Forward mapping directly maps the volume data onto the image plane. For each voxel, the renderer maps the point onto the image plane and then adds its contribution to the accumulating image. On the other hand, backward mapping maps the image plane into the data, commonly called ray casting. For each pixel in the final image, the renderer shoots rays from the pixel into the volume data and intersects that ray with each data point until either the ray exits the volume or the opacity accumulates enough density to become opaque. In backward mapping, input values rarely fall exactly along a ray. Consequently, an approximation of the volume data is generated using an interpolation scheme. More sophisticated methods may relieve some of this replication but will not eliminate it.
Texture mapping was introduced in [Catmull 74] as a method of adding to the visual richness of a computer generated image without adding geometry. This process includes a mapping from the space of the object to be textured to the texture space.
Bilinear/trilinear interpolation is usually used to sample data in the 2D/3D textures. To accelerate texture mapping, traditional graphics hardware includes a complete copy of all texture images at each parallel computation node to allow all nodes to operate in parallel.
An new way of rendering volume data using texture mapping is introduced in this presentation. Texture mapping which maps from object space to texture space is used for backward mapping in volume rendering which maps from image space to volume space.
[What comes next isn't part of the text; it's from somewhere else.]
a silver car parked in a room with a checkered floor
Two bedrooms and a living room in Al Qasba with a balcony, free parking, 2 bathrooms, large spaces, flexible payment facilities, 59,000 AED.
An innovative parallelization scheme is used in this work to subdivide the entire volume into subvolumes and avoids the need to store the whole volume at each computation node.
To handle volume data, parallel computations are done in graphics accelerator Denali manufactured by Kubota. Denali is a general purpose graphics accelerator with capabilities and functionality found only in the very high end graphics systems. By using the innovative parallelization scheme, we have extended it to be an imaging workstation which can do versatile volume rendering.
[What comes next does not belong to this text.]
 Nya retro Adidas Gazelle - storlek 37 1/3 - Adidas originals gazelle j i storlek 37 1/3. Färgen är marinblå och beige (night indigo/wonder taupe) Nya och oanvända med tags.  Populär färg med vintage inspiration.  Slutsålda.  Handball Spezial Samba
The Denali architecture has parallelism at two levels. A Denali system can have up to 6 Transformation and Rasterization Modules (TRMs) which, being general purpose processors (AMD 29050s), can perform arbitrarily complex computations.
In addition, a system can have up to 20 Frame Buffer Modules (FBMs), each of which can perform a predefined set of per pixel operations, like image/volume resampling and pixel blending. Image/volume sampling operations can be performed in the FBMs and large parallel speedups (up to 20x) are possible. Some image operations which can not be performed on the FBMs can be done in parallel on the TRMs with a resulting parallel speedup of up to 6x. Complex volumetric rendering operations (consisting of multiple suboperations) may be carried out utilizing both the FBMs and the TRMs to best advantage.
In summary, traditional 3D texture mapping used in 3D graphics is used for backward projection in volume rendering. A very high degree of parallelism (up to 20-fold) is achieved by storing a different subvolume in each of the FBMs. This differs significantly from traditional approaches that store the entire volume data set at each computational node. Overcoming this limitation permits volume sizes up to 256x256x253 (or 512x512x64) to be rendered in hardware. Progressive refinement schemes can be utilized to reduce sampling rate and interactive rendering speeds can be realized. Currently, maximum intensity projection, multi planar reformatting, volume resampling, ray sum, and surface rendering are implemented in Denali.